The bq2083−V1P2 interfaces with the bq29311 to perform battery protection, cell balancing and voltage translation
functions.
The bq2083−V1P2 can accept any NTC thermistor (default is Semitec 103AT) for temperature measurement or can
be configured to use its internal temperature sensor. The bq2083−V1P2 uses temperature to monitor the battery pack
and to compensate the self-discharge estimate.
Measurements
The bq2083−V1P2 uses an integrating sigma-delta analog-to-digital converter (ADC) for current measurement and
a second sigma delta ADC for battery voltage and temperature measurement. Voltage, current, and temperature
measurements are made every second.
Charge and Discharge Counting
The integrating ADC measures the charge and discharge flow of the battery by monitoring a small-value sense
resistor between the SR1 and SR2 pins as shown in the schematic. The integrating ADC measures bipolar signals
from −0.3 to 1.0 V. The bq2083−V1P2 detects charge activity when VSR = V(SR1)–V(SR2) is positive and discharge
activity when VSR = V(SR1)–V(SR2) is negative. The bq2083−V1P2 continuously integrates the signal over time, using
an internal counter. The fundamental rate of the counter is 2.6 nVh. The bq2083−V1P2 updates Remaining
Capacity() with the charge or discharge accumulated in this internal counter once every second.
Offset Calibration
The bq2083−V1P2 provides an autocalibration feature to cancel the voltage offset error across SR1 and SR2 for
maximum charge measurement accuracy. The bq2083−V1P2 performs autocalibration when the SMBus lines stay
low for a minimum of 20 s. The bq2083−V1P2 is capable of automatic offset calibration down to 1µV.
Digital Filter
The bq2083−V1P2 does not measure charge or discharge counts below the digital filter threshold. The digital filter
threshold is programmed in the Digital Filter DF 0x2b and should be set sufficiently high to prevent false signal
detection with no charge or discharge flowing through the sense resistor.
Voltage
While monitoring SR1 and SR2 for charge and discharge currents, the bq2083−V1P2 monitors the individual series
cell voltages through the bq29311. The bq2083−V1P2 configures the bq29311 to present the selected cell to the
VCELL pin of the bq29311 which should be connected to VIN of the bq2083−V1P2. The internal ADC of the
bq2083−V1P2 then measures the voltage and scales it appropriately. The bq2083−V1P2 then reports the Voltage( )

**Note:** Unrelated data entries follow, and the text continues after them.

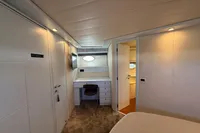 Luxurious interior of 2001 Pershing 65 yacht with modern furnishings and elegant design.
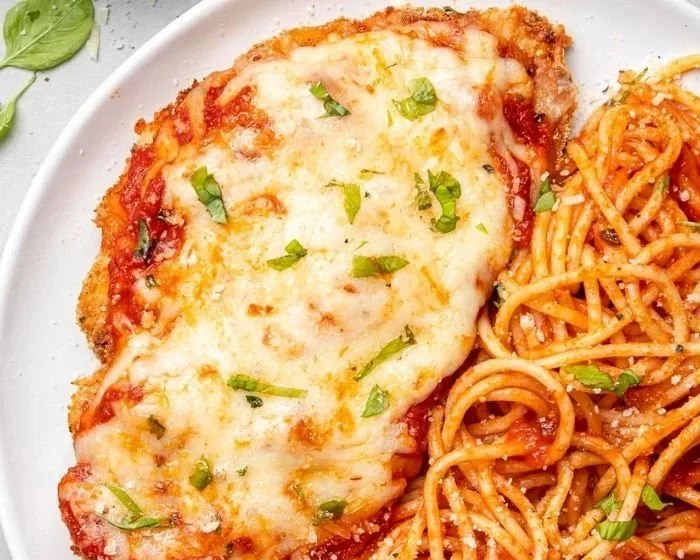 Delicious baked chicken parmesan served with marinara sauce and cheese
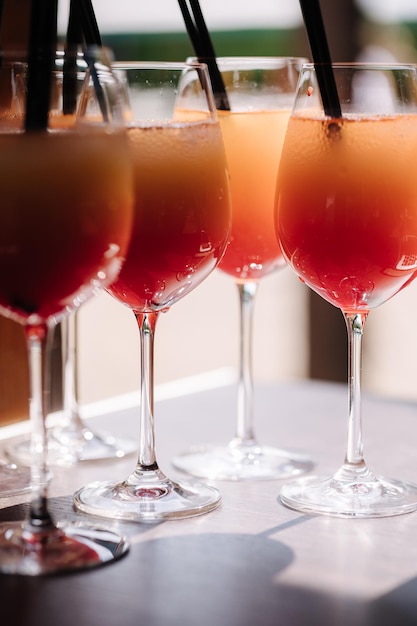 Lot of coctails on the table Glasses with orange alkohol drink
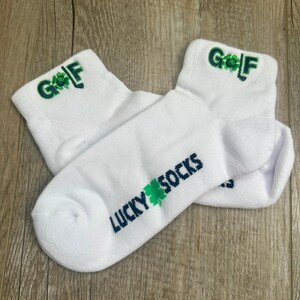 May include: White ankle socks with the word "GOLF" embroidered in green and a shamrock design on the cuff. The socks also feature the text "LUCKY SOCKS" in dark blue and green.
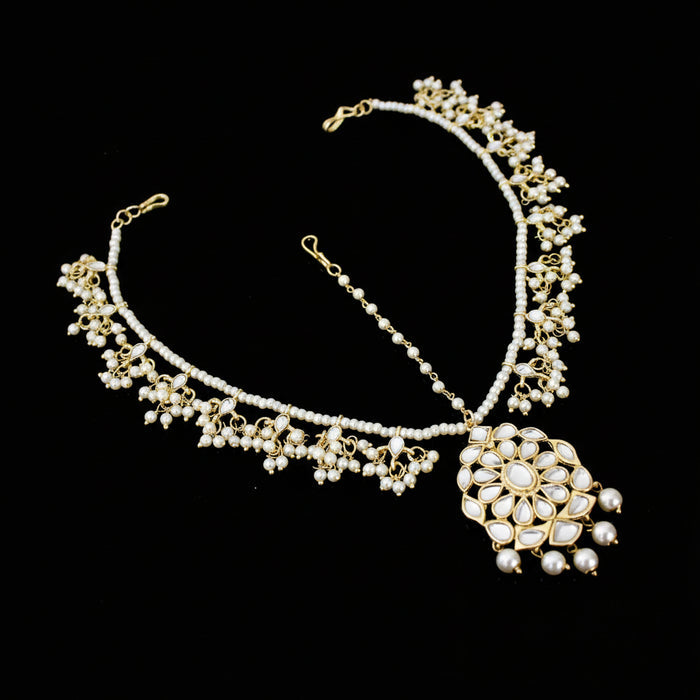 Delicate necklace with floral design on a dark background, featuring the brand 'Saheli'.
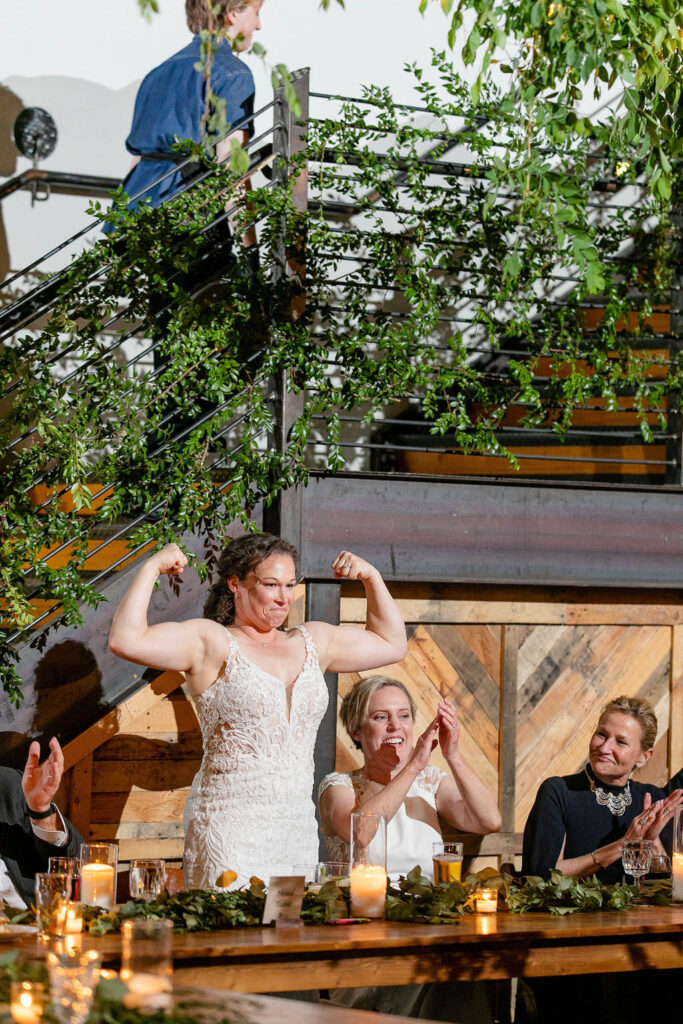 A bride standing up at a reception table flexing muscles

and the individual cell voltages in VCELL1, VCELL2, VCELL3, and VCELL4 located in 0x3c−0x3f.
Current
The bq2083−V1P2 uses the SR1 and SR2 inputs to measure and calculate the battery charge and discharge current
as represented in the data register Current().
Temperature
The TS input of the bq2083−V1P2 in conjunction with an NTC thermistor measures the battery temperature as shown
in the schematic. The bq2083−V1P2 reports temperature in Temperature( ).
The bq2083−V1P2 can also be configured to use its internal temperature sensor by setting the IT bit in Misc
Configuration DF 0x2a. Data flash locations DF 0xa4 through DF 0xad also have to be changed to prescribed values
if the internal temperature sensor option is selected.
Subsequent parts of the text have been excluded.